• [BRIEF] Since only the words are wanted, reproduce every entry exactly and leave the images behind.

• [SUPPLIED DATA]

※

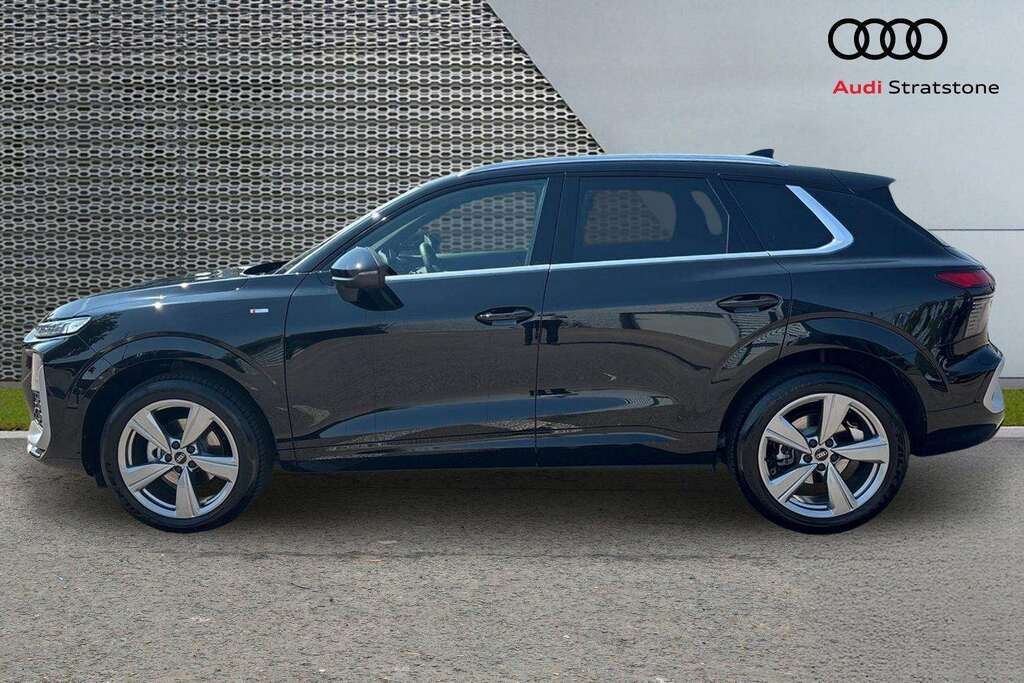 Audi Q3 1.5 Tfsi S Line S Tronic 2026 Black #4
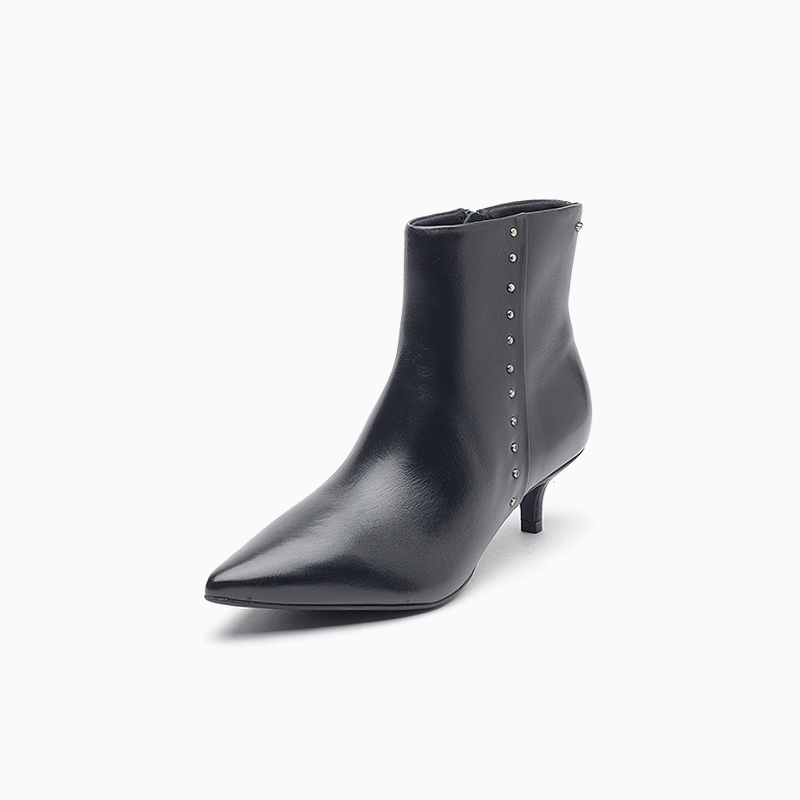 a pie-Botas-CASCIA AN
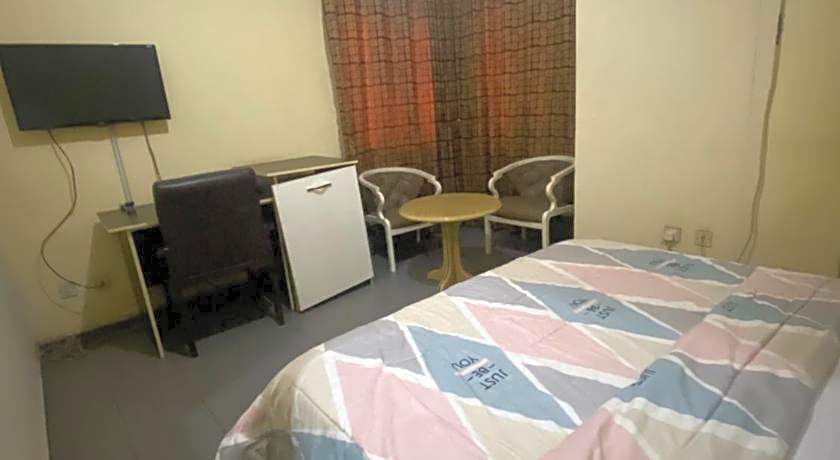Dreamland Suites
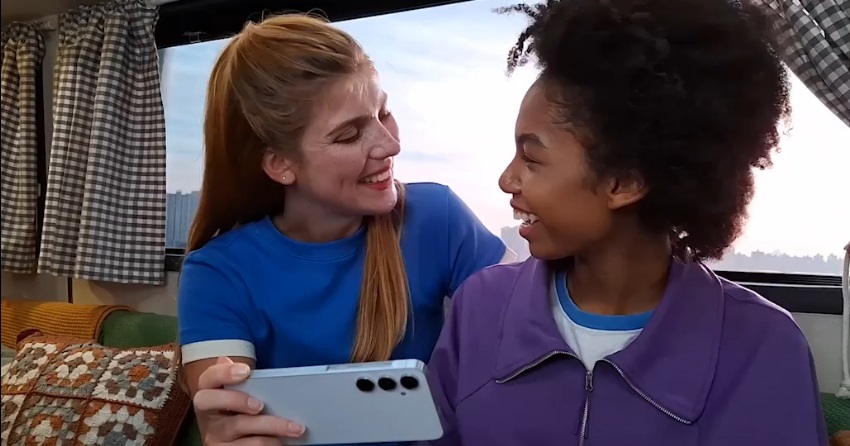 Mobilní telefon SAMSUNG Galaxy A55 5G 8GB256GB Awesome Lemon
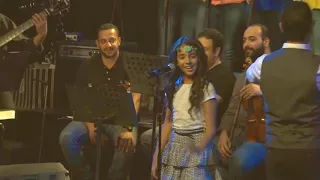 الطفلة الجميلة نور عثمان تغني حادي بادي كرنب زبادي عن القنوات الفضائية ـ أغنية دمها خفيف جدا 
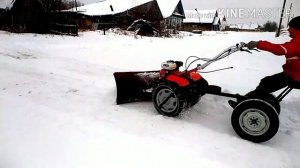 Чистка снега мотоблоком,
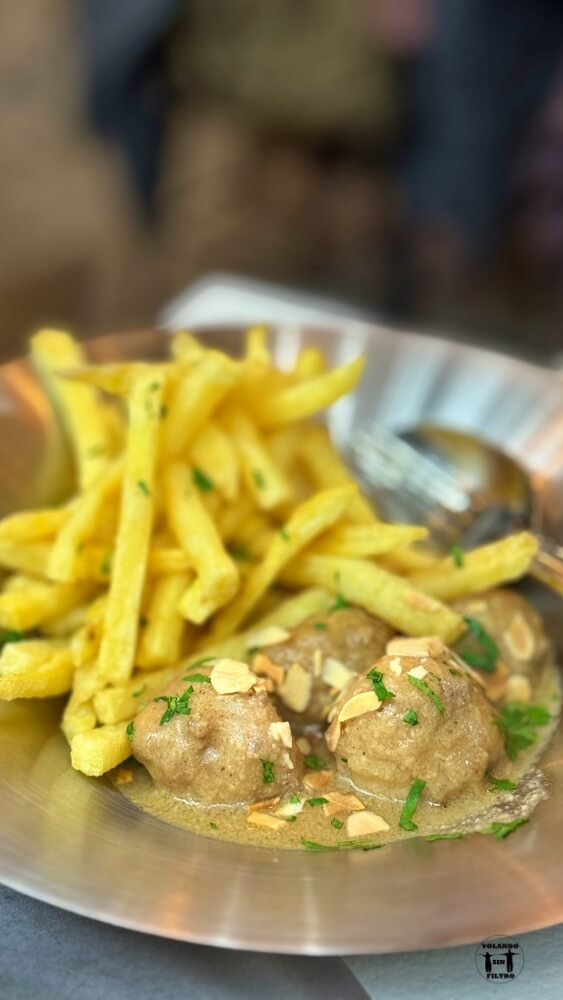 Albóndigas con patatas y salsa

※

• [WRITTEN ANSWER]
 Audi Q3 1.5 Tfsi S Line S Tronic 2026 Black #4
 a pie-Botas-CASCIA AN
Dreamland Suites
 Mobilní telefon SAMSUNG Galaxy A55 5G 8GB256GB Awesome Lemon
 الطفلة الجميلة نور عثمان تغني حادي بادي كرنب زبادي عن القنوات الفضائية ـ أغنية دمها خفيف جدا 
 Чистка снега мотоблоком,
 Albóndigas con patatas y salsa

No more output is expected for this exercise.